• [MATERIAL FOR THIS TASK]
++++
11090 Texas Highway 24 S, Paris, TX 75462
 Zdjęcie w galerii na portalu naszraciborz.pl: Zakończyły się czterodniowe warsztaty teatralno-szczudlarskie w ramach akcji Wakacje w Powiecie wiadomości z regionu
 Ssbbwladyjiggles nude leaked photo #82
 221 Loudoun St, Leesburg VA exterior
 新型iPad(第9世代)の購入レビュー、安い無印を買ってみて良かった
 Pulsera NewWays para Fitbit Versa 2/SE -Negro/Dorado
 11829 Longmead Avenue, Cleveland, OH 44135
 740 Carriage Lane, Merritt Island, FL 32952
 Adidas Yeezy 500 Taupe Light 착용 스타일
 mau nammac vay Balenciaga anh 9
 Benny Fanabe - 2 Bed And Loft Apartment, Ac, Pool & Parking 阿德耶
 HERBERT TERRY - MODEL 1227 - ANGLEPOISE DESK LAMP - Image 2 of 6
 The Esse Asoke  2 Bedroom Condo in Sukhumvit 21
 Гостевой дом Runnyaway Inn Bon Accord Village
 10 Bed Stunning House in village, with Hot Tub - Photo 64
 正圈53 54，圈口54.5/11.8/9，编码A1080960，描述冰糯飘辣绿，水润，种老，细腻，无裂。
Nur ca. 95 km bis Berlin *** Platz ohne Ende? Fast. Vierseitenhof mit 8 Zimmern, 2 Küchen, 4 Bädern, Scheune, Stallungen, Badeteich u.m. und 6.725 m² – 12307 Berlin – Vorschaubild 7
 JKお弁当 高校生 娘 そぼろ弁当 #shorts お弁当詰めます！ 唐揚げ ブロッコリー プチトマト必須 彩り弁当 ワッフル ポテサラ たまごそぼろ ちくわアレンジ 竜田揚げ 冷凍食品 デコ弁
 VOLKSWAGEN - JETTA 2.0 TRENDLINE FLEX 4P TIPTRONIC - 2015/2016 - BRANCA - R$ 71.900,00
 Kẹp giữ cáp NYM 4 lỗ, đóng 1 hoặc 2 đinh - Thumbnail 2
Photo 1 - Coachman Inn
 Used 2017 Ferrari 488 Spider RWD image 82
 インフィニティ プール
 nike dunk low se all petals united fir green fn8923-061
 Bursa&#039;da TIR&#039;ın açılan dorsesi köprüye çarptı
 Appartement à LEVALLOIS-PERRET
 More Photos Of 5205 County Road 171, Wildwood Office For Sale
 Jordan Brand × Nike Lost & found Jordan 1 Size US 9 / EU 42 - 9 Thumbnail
++++
• [WORK INSTRUCTION] Copy out the data above word for word, starting at its first line and ending with the line that contains "Nur ca. 95 km".

• [SOLUTION BELOW]
11090 Texas Highway 24 S, Paris, TX 75462
 Zdjęcie w galerii na portalu naszraciborz.pl: Zakończyły się czterodniowe warsztaty teatralno-szczudlarskie w ramach akcji Wakacje w Powiecie wiadomości z regionu
 Ssbbwladyjiggles nude leaked photo #82
 221 Loudoun St, Leesburg VA exterior
 新型iPad(第9世代)の購入レビュー、安い無印を買ってみて良かった
 Pulsera NewWays para Fitbit Versa 2/SE -Negro/Dorado
 11829 Longmead Avenue, Cleveland, OH 44135
 740 Carriage Lane, Merritt Island, FL 32952
 Adidas Yeezy 500 Taupe Light 착용 스타일
 mau nammac vay Balenciaga anh 9
 Benny Fanabe - 2 Bed And Loft Apartment, Ac, Pool & Parking 阿德耶
 HERBERT TERRY - MODEL 1227 - ANGLEPOISE DESK LAMP - Image 2 of 6
 The Esse Asoke  2 Bedroom Condo in Sukhumvit 21
 Гостевой дом Runnyaway Inn Bon Accord Village
 10 Bed Stunning House in village, with Hot Tub - Photo 64
 正圈53 54，圈口54.5/11.8/9，编码A1080960，描述冰糯飘辣绿，水润，种老，细腻，无裂。
Nur ca. 95 km bis Berlin *** Platz ohne Ende? Fast. Vierseitenhof mit 8 Zimmern, 2 Küchen, 4 Bädern, Scheune, Stallungen, Badeteich u.m. und 6.725 m² – 12307 Berlin – Vorschaubild 7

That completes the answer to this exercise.